Wednesday, July 4, 2012

Bull Creek Lobster

Click to enlarge
My nephew came back from the Bull Creek swimming hole with the excited report of a large crawdad "the size of a lobster."  It had been partially eaten, leaving only the head and tail.  By the time he returned to collect it the next morning, it was further chewed up but still identifiable.

This is the Longpincered Crayfish- Orconectes longidigitus, the largest crayfish in Missouri.  It is found in Northern Arkansas and Southwestern Missouri in Table Rock Lake drainages including Bull Creek.  Its body can be over six inches in length, and with its claws it can surpass ten inches long.  The claws on our specimen were missing but the antenna was four inches long.

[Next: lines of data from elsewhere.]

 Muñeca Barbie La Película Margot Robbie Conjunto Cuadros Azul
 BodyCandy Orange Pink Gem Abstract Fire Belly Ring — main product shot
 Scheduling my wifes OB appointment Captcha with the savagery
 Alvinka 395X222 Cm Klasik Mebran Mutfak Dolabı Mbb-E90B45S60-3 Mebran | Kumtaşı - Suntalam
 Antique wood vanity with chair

The MDC page describes its habitat:
"An inhabitant of medium-sized to large, clear Ozark streams with permanent, strong flow and predominantly silt-free substrates. The favored habitat is moderately deep pools along bluffs where rock slabs and large rubble provide crevices for hiding during the daylight hours. At dusk it emerges to forage over the stream bottom.  This species is omnivorous and does not hesitate to capture and consume other crayfish if the opportunity arises."
The pool where it was found is over 60 feet long and up to 6 feet deep.  It has a rock ledge on one side with underwater holes that go back in deep.  We have snorkeled with Midwest Water Snakes which will enter an opening and emerge four feet away from another.

Click to enlarge
Over several days, our family was able to watch two adult and two small water snakes.  The largest is about four feet long, and all are quite comfortable with their surroundings.  Jeremy took pictures from above and then a great head-on shot as one rested in one of the holes in the ledge rock.

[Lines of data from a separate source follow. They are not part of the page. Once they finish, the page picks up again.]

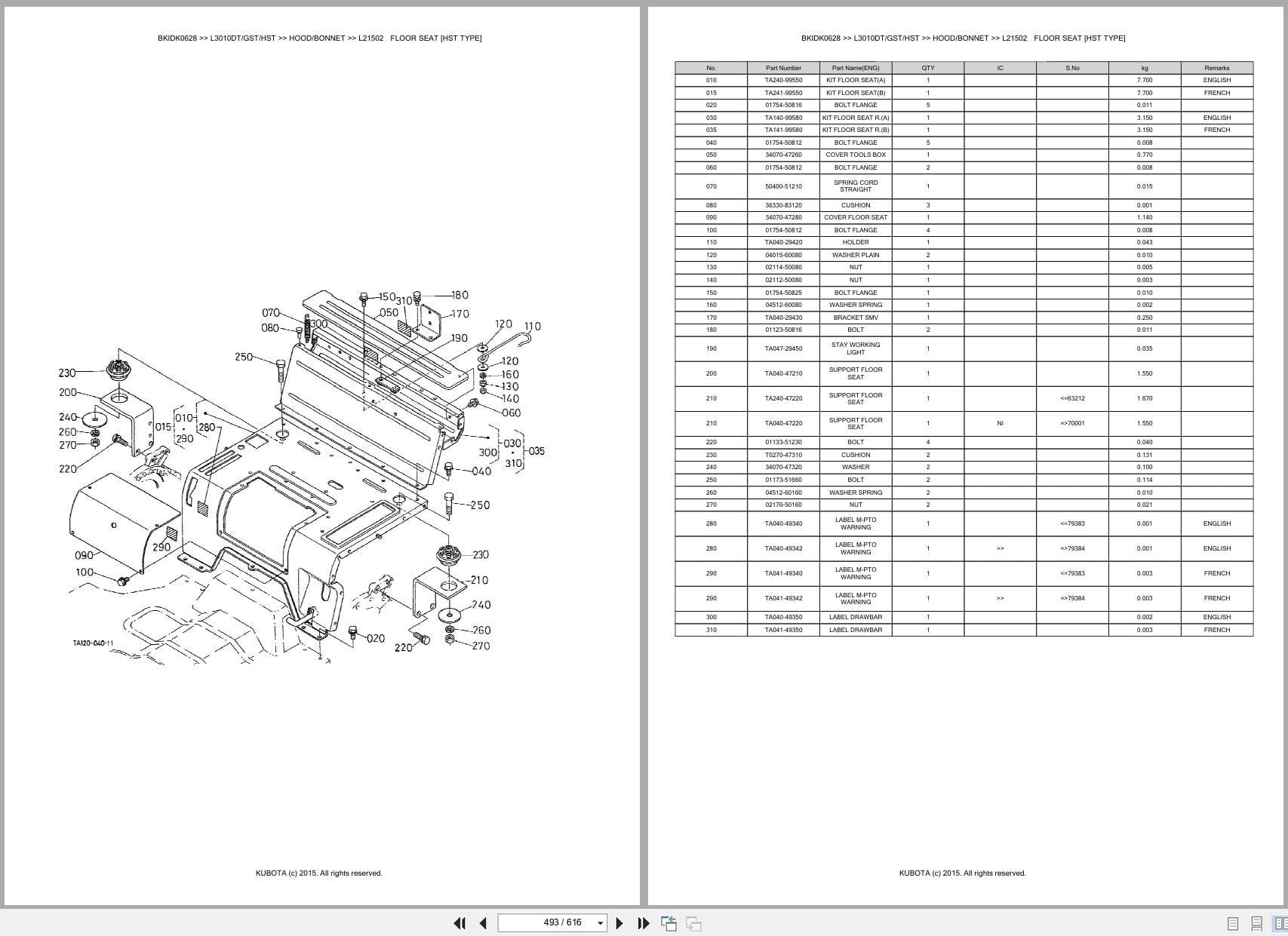 Kubota Tractor L3010DT L3010GST L3010HST Australia Parts Catalog (2)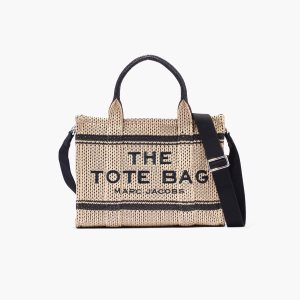 Natural Marc Jacobs Straw Jacquard Medium Tote Bag | 95WUBGYDK
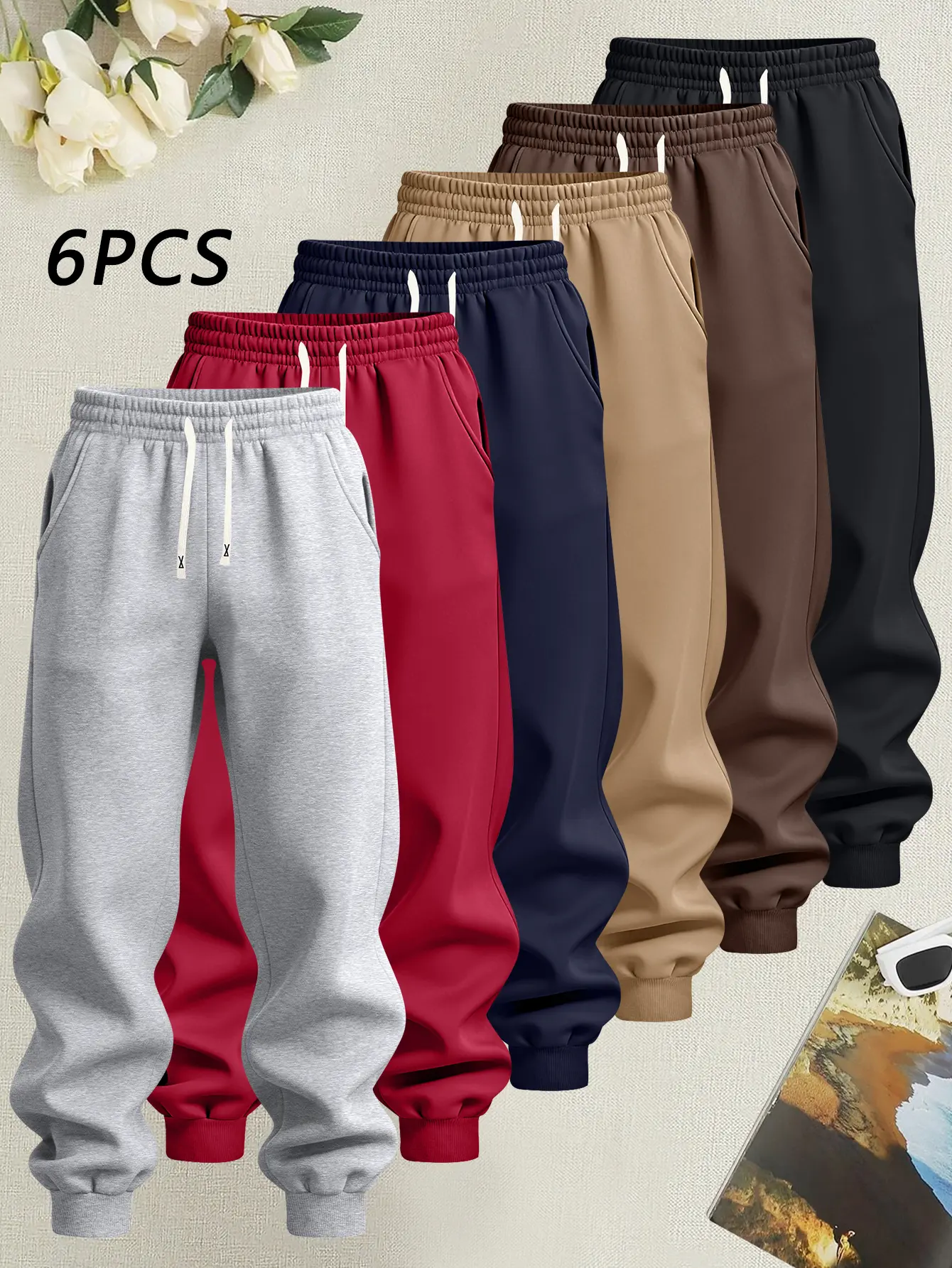 6-Pack Men’s Casual Sports Sweatpants New SpringAutumn Style Solid Color Lightweight Fabric Regular Fit Plus Size Elastic Waist with Drawstring Cuffed Pants for Travel and Vacation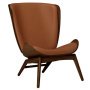 The Reader fauteuil donker eiken, leer Cognac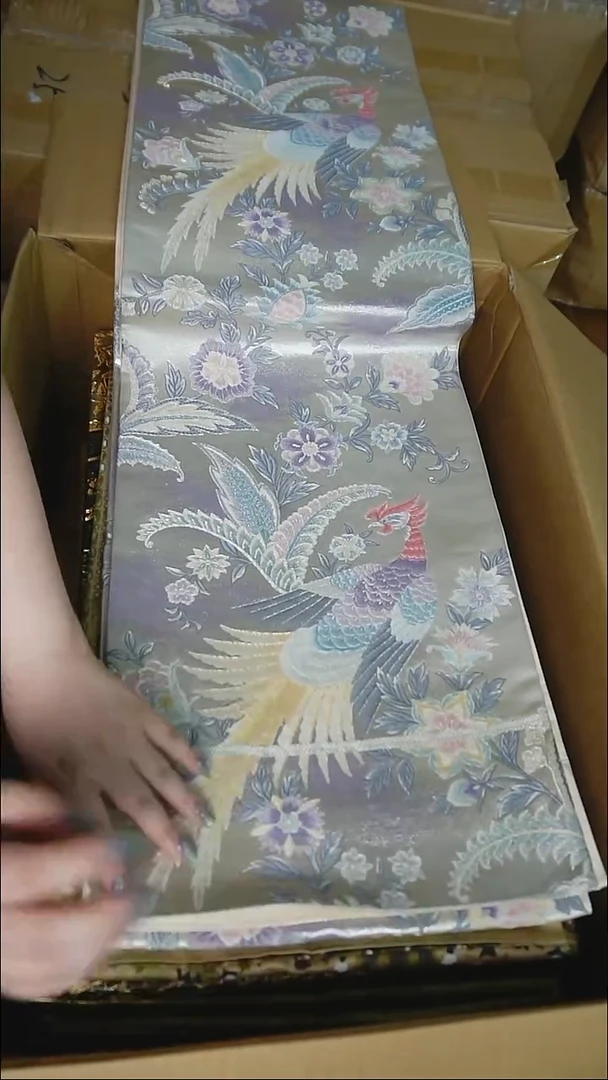 织绣5六通凤凰花卉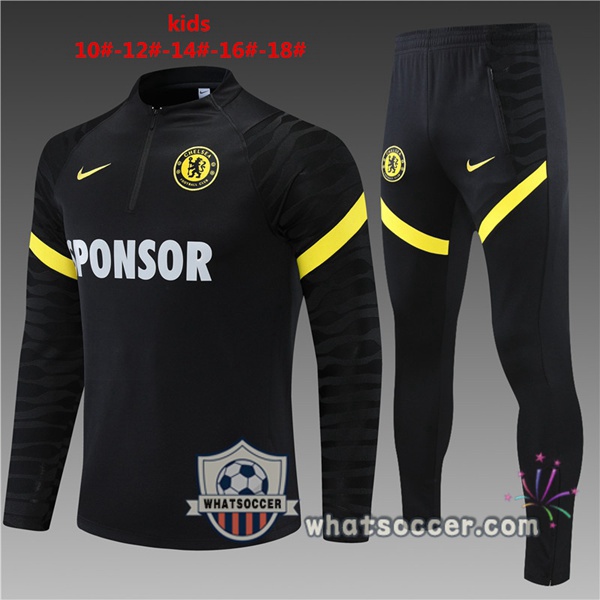 FC Chelsea Kids Black Tracksuit 2021-2022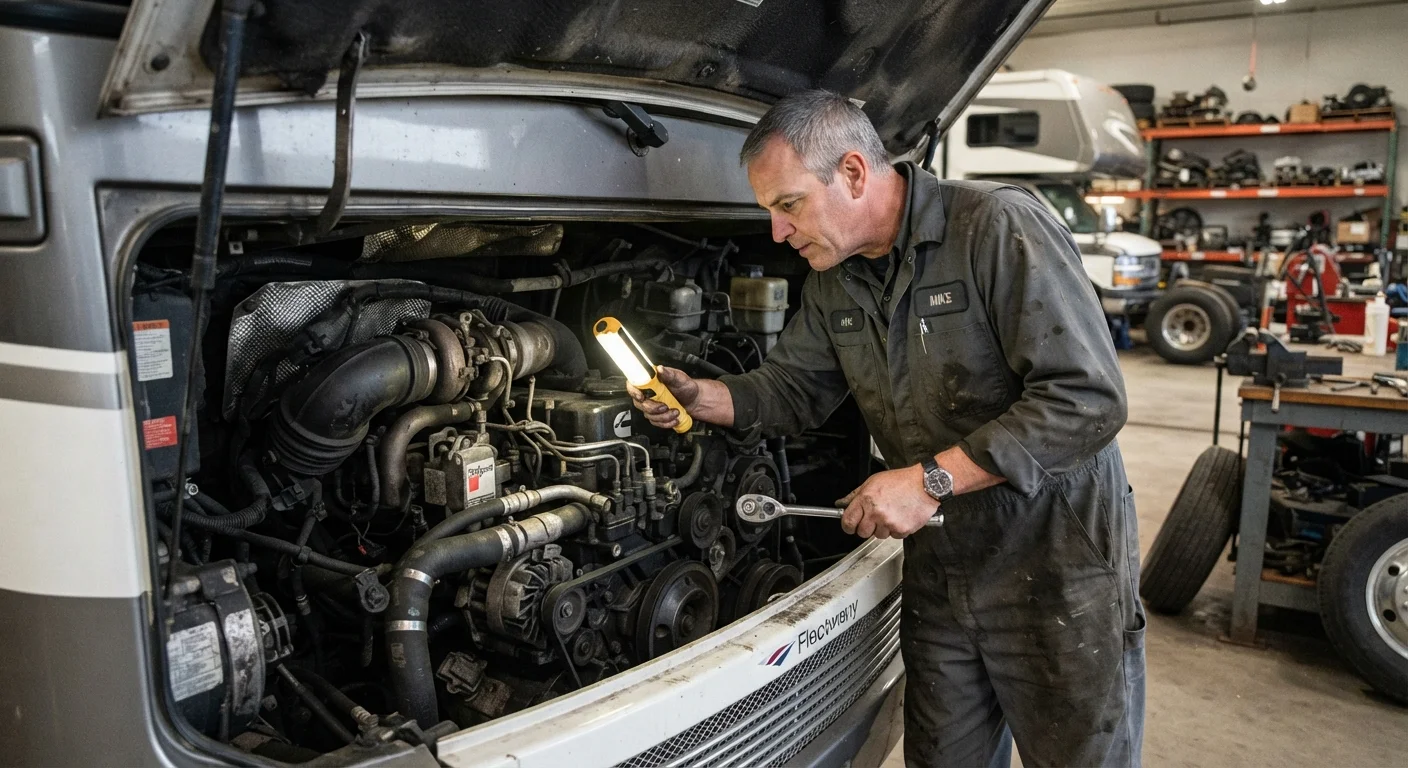 A mechanic inspecting the engine compartment of a motorhome during a routine service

No kisses on a water snake- Click to enlarge
You will notice the color resemblance to a copperhead.  The water snake has irregular bands rather that the "Hershey kisses."  It also will spend considerable time under water as it patrols the nooks and crannies of the ledges.  We have seen a copperhead swim across the swimming hole (see below) but it keeps its head up and travels on the surface with a purpose rather than cruising along the edges.


Copperhead- Click to enlarge

It is fun to identify crayfish you find while swimming but it is critical to identify snakes.

For information of all the Missouri Crayfish, go to mdc.mo.gov.